___ Given data ___
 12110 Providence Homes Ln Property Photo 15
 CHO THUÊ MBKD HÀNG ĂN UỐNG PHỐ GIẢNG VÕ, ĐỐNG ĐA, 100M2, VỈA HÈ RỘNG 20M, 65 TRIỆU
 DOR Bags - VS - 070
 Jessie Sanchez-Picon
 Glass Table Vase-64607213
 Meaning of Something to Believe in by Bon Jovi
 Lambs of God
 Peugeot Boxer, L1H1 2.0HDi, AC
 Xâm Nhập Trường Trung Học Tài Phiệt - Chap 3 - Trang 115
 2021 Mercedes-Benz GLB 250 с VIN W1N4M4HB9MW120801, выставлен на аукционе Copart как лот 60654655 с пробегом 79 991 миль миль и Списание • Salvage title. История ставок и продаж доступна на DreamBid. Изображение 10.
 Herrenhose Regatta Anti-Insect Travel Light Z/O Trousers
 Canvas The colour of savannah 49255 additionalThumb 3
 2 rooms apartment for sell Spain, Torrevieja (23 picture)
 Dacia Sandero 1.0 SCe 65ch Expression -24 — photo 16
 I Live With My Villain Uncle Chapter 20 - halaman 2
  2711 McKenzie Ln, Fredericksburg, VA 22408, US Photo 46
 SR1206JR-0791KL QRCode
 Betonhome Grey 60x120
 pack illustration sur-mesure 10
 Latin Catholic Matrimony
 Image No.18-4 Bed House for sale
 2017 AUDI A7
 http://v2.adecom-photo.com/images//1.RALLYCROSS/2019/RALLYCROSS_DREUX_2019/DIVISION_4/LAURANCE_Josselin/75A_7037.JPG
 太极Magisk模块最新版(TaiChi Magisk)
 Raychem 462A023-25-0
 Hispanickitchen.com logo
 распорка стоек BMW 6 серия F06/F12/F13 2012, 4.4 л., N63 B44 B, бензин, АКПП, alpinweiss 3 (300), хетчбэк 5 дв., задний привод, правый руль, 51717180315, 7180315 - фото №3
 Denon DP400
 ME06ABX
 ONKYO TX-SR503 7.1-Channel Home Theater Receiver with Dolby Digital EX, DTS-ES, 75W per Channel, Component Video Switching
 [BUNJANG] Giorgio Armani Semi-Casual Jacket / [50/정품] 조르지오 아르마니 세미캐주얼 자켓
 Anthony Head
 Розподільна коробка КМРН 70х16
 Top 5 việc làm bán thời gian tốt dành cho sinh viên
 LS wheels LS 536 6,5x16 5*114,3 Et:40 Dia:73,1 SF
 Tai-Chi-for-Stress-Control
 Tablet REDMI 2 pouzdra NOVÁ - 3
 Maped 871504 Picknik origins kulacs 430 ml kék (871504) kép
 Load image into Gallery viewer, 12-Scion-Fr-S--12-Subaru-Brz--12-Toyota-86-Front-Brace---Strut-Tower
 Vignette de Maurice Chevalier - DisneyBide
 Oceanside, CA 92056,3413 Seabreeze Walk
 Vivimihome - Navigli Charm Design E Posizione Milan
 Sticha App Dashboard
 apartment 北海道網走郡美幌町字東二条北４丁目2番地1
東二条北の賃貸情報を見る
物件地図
___
# [How to complete this task]
Every entry must be retyped in full, exactly as given.

# [Written answer]
 12110 Providence Homes Ln Property Photo 15
 CHO THUÊ MBKD HÀNG ĂN UỐNG PHỐ GIẢNG VÕ, ĐỐNG ĐA, 100M2, VỈA HÈ RỘNG 20M, 65 TRIỆU
 DOR Bags - VS - 070
 Jessie Sanchez-Picon
 Glass Table Vase-64607213
 Meaning of Something to Believe in by Bon Jovi
 Lambs of God
 Peugeot Boxer, L1H1 2.0HDi, AC
 Xâm Nhập Trường Trung Học Tài Phiệt - Chap 3 - Trang 115
 2021 Mercedes-Benz GLB 250 с VIN W1N4M4HB9MW120801, выставлен на аукционе Copart как лот 60654655 с пробегом 79 991 миль миль и Списание • Salvage title. История ставок и продаж доступна на DreamBid. Изображение 10.
 Herrenhose Regatta Anti-Insect Travel Light Z/O Trousers
 Canvas The colour of savannah 49255 additionalThumb 3
 2 rooms apartment for sell Spain, Torrevieja (23 picture)
 Dacia Sandero 1.0 SCe 65ch Expression -24 — photo 16
 I Live With My Villain Uncle Chapter 20 - halaman 2
  2711 McKenzie Ln, Fredericksburg, VA 22408, US Photo 46
 SR1206JR-0791KL QRCode
 Betonhome Grey 60x120
 pack illustration sur-mesure 10
 Latin Catholic Matrimony
 Image No.18-4 Bed House for sale
 2017 AUDI A7
 http://v2.adecom-photo.com/images//1.RALLYCROSS/2019/RALLYCROSS_DREUX_2019/DIVISION_4/LAURANCE_Josselin/75A_7037.JPG
 太极Magisk模块最新版(TaiChi Magisk)
 Raychem 462A023-25-0
 Hispanickitchen.com logo
 распорка стоек BMW 6 серия F06/F12/F13 2012, 4.4 л., N63 B44 B, бензин, АКПП, alpinweiss 3 (300), хетчбэк 5 дв., задний привод, правый руль, 51717180315, 7180315 - фото №3
 Denon DP400
 ME06ABX
 ONKYO TX-SR503 7.1-Channel Home Theater Receiver with Dolby Digital EX, DTS-ES, 75W per Channel, Component Video Switching
 [BUNJANG] Giorgio Armani Semi-Casual Jacket / [50/정품] 조르지오 아르마니 세미캐주얼 자켓
 Anthony Head
 Розподільна коробка КМРН 70х16
 Top 5 việc làm bán thời gian tốt dành cho sinh viên
 LS wheels LS 536 6,5x16 5*114,3 Et:40 Dia:73,1 SF
 Tai-Chi-for-Stress-Control
 Tablet REDMI 2 pouzdra NOVÁ - 3
 Maped 871504 Picknik origins kulacs 430 ml kék (871504) kép
 Load image into Gallery viewer, 12-Scion-Fr-S--12-Subaru-Brz--12-Toyota-86-Front-Brace---Strut-Tower
 Vignette de Maurice Chevalier - DisneyBide
 Oceanside, CA 92056,3413 Seabreeze Walk
 Vivimihome - Navigli Charm Design E Posizione Milan
 Sticha App Dashboard
 apartment 北海道網走郡美幌町字東二条北４丁目2番地1
東二条北の賃貸情報を見る
物件地図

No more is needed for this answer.